Acclimatisation: A competitive strategy to combat heat

Sustained hard exercise in a hot environment presents a greater challenge to the body’s homoeostatic mechanisms than any other situation. The combination of a high rate of metabolic heat production and a restricted capacity for heat dissipation leads to hyperthermia (high body temperature), which may progress to heat illness, inevitably impairing exercise performance.

It has been demonstrated, in sports science labs, that prolonged cycling capacity is lower at 21°C than at 11°C and is even further reduced at 31°C, when VO2max is reduced, heart rate increased and skin and rectal temperature elevated⁽¹⁾. Heart rate rises in an attempt to meet increasing pressures on the blood supply, to increase skin blood flow for cooling purposes and to maintain oxygen supply to the working muscles.

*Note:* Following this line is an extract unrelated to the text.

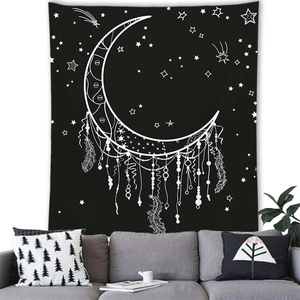 Detail of bohemian dreamcatcher tapestry with moon and feathers over a sofa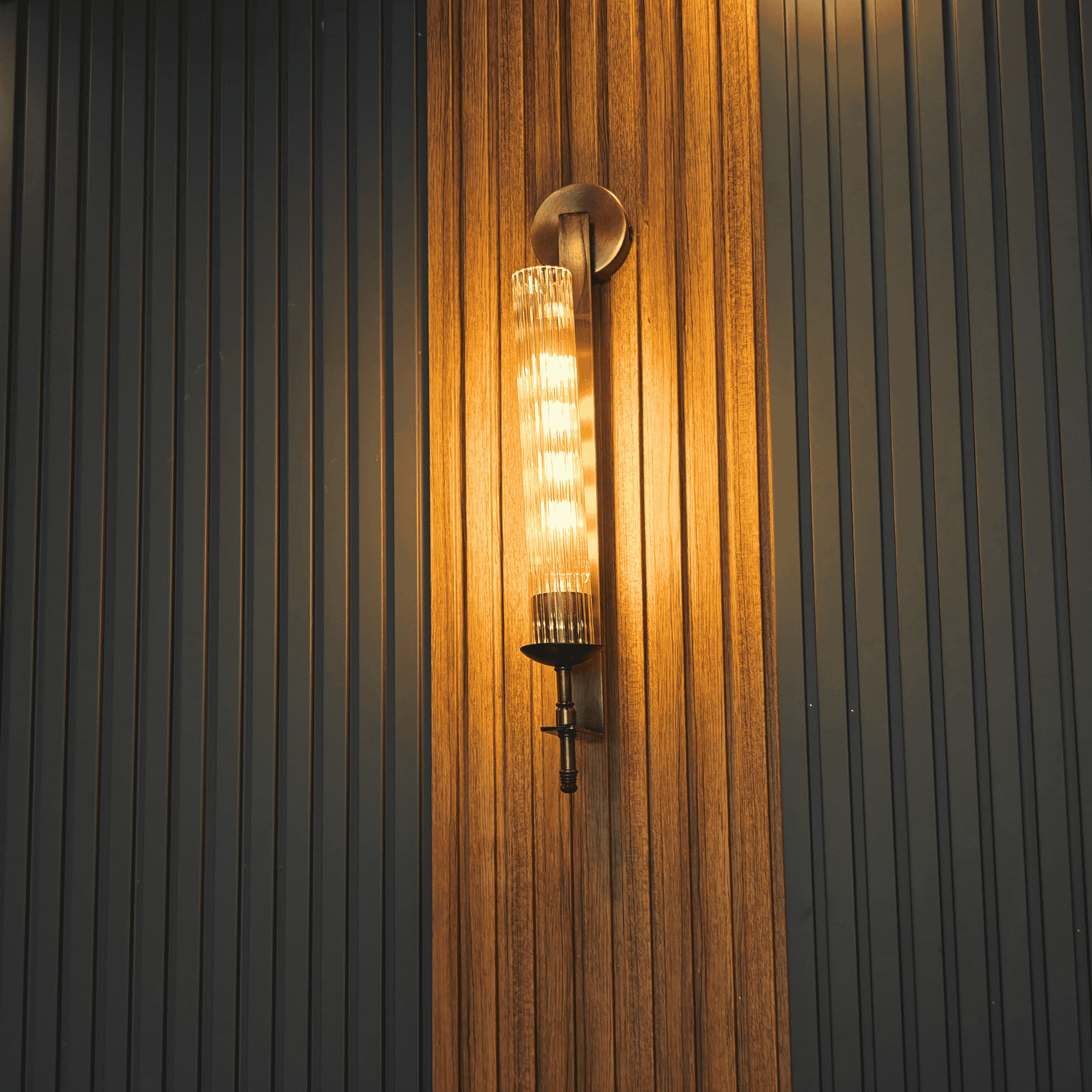 Ribbed glass wall sconce casting warm light on vertical wood slat feature wall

Heat exposure combined with exercise results not just in hyperthermia but also in hypohydration (low fluid levels) if fluid losses are not replaced, and this combination will dramatically reduce exercise capacity. There may be a critical core temperature which is the limiting factor for exercise in the heat.

When exercising in the heat for the first time, many people experience some of the symptoms of heat illnesses, such as heat cramps, fainting and exhaustion. But the good news is that the occurrence and severity of these symptoms can be significantly reduced by a process of acclimatisation, which allows the body to adapt to the stresses of a warm environment gradually, by repeated exposure.

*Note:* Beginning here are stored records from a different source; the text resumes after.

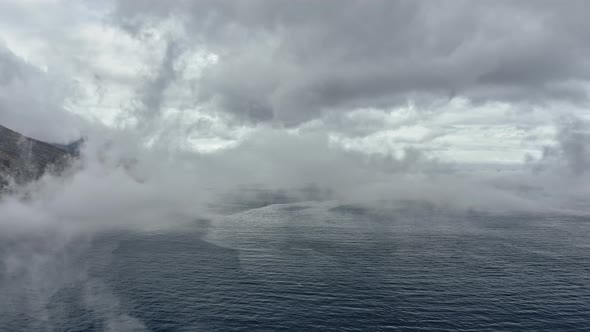 Backward Aerial Tracking Shot of Ocean Waters and Fog Covering the Frame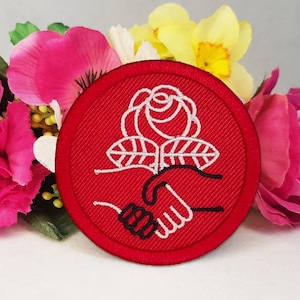 May include: A circular red embroidered patch featuring a white stitched design of a rose positioned above two hands shaking. The embroidery is detailed with clean lines, showcasing a stylized floral motif and a gesture of unity on a solid red background.
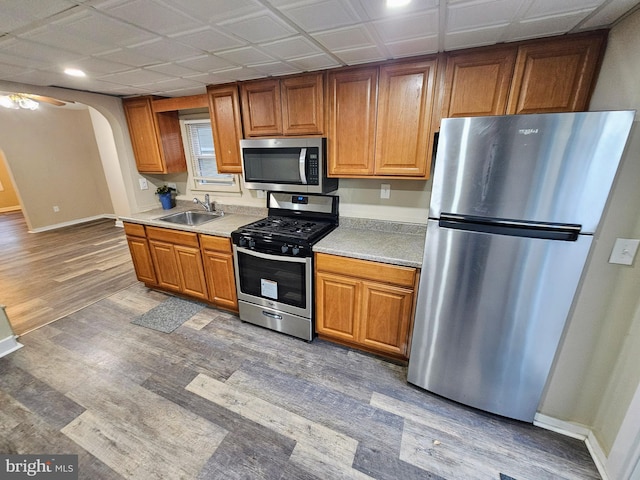 kitchen featuring stainless steel appliances, hardwood / wood-style flooring, and sink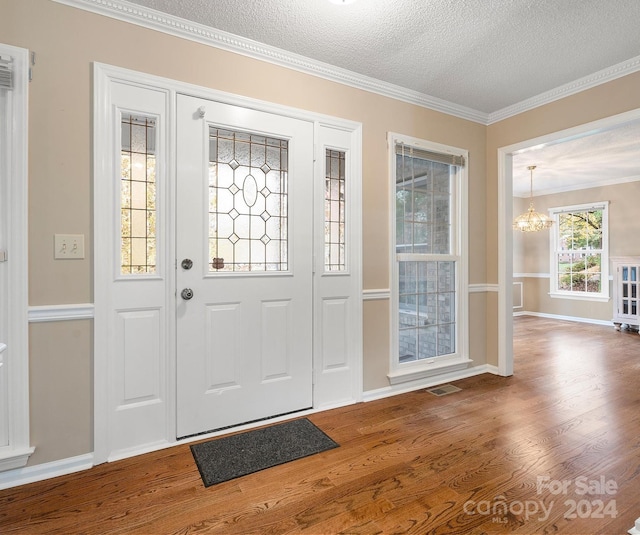 foyer with a notable chandelier, a textured ceiling, hardwood / wood-style flooring, and crown molding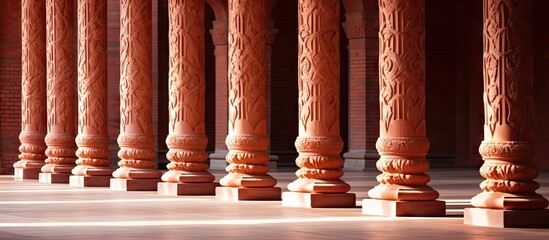 Row of red pillars with columns
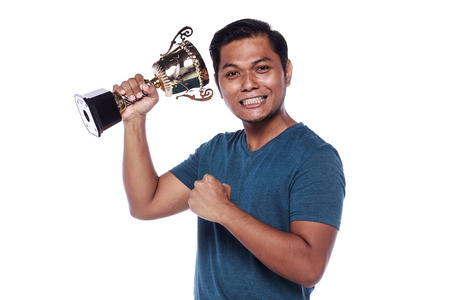 young man holding a trophy isolated on white backgroundの写真素材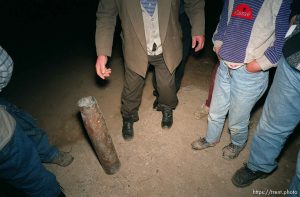 Family with an artillery shell casing at traditional dinner with the Hoxha family.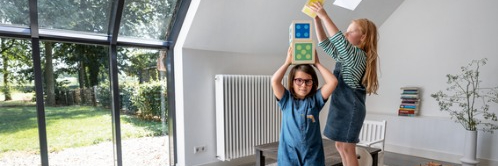 Twee meisjes spelen met grote blokken in lichte kamer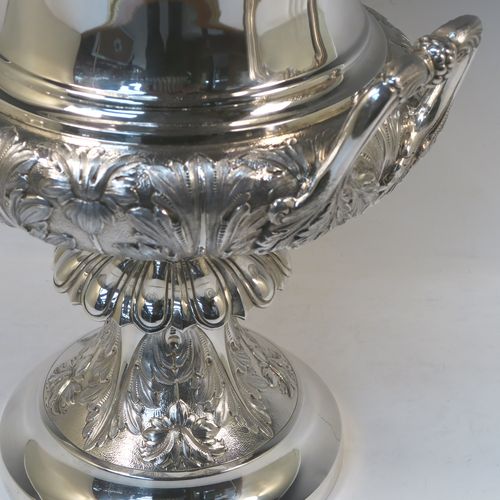 A very handsome and large Antique Edwardian Sterling Silver trophy cup and cover, having a Campana style round bellied body with hand-chased floral, scroll, and fluted decoration, with two cast side handles, and sitting on a pedestal foot. The pull-off cover with matching decoration and a cast figural finial of the goddess Nike. This beautiful and impressive antique silver trophy cup and cover was made by Jay, Richard Attenborough and Co., of London in 1910. The dimensions of this fine hand-made antique silver trophy cup are height 66 cms (26 inches), spread across handles 29 cms (11.5 inches), and it weighs approx. 3,670g (118 troy ounces).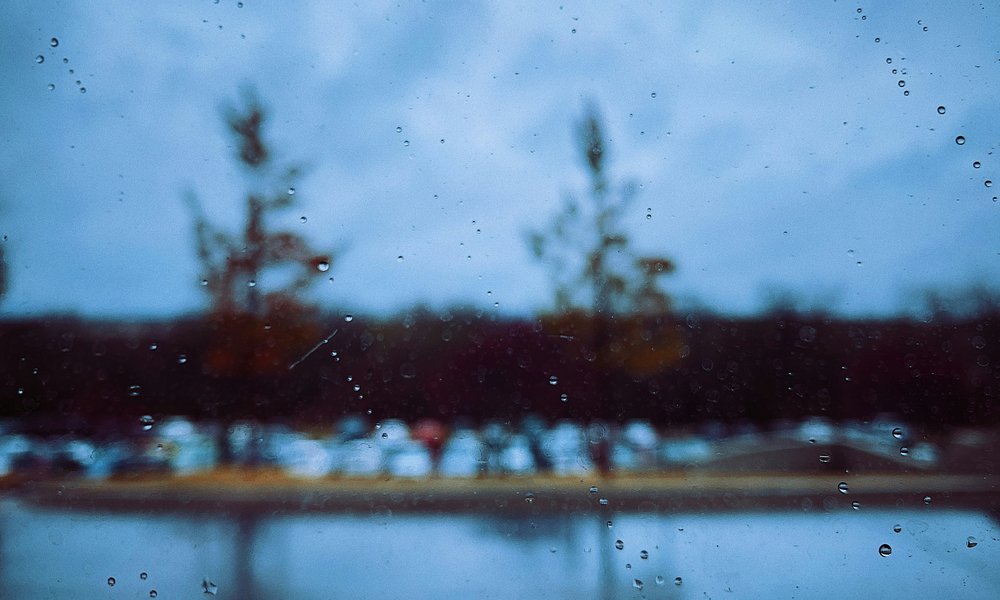 Photo: A window pane with rain trickling on the outside and a blurred outdoors behind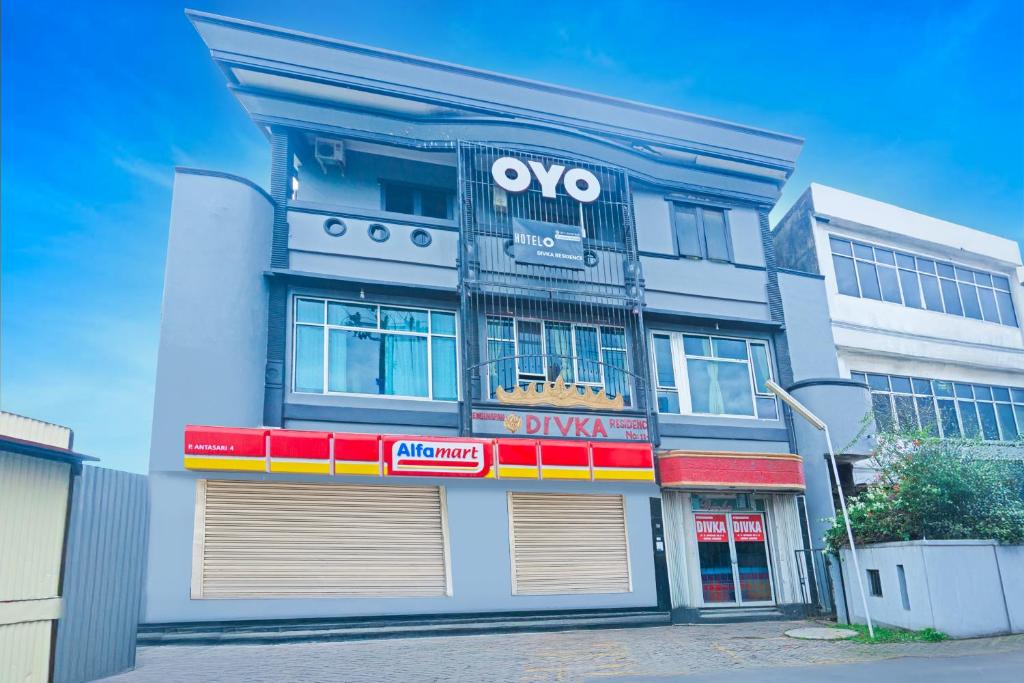 a large building with avs pharmacy signs in front of it at Hotel O Bandar Lampung Near Teropong Kota Bukit Cindy Formerly Divka Residence in Tanjungkarang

Complete heat acclimatisation requires up to 14 days of exposure, but adaptations occur at varying rates. Even as few as five days of heat exposure will allow some adaptation to increased environmental temperatures⁽²⁾. Within these five days, control of cardiovascular function improves, plasma volume increases, heart rate drops and blood flow is prioritised to reach active muscles and the skin surface. The increase in plasma volume is temporary, allowing the body to cope with the increased need for cooling by redirecting blood to the skin capillary beds. Taken together, these short-term adaptations lower perception of work rate and allow toleration of the heat prior to longer-lasting changes.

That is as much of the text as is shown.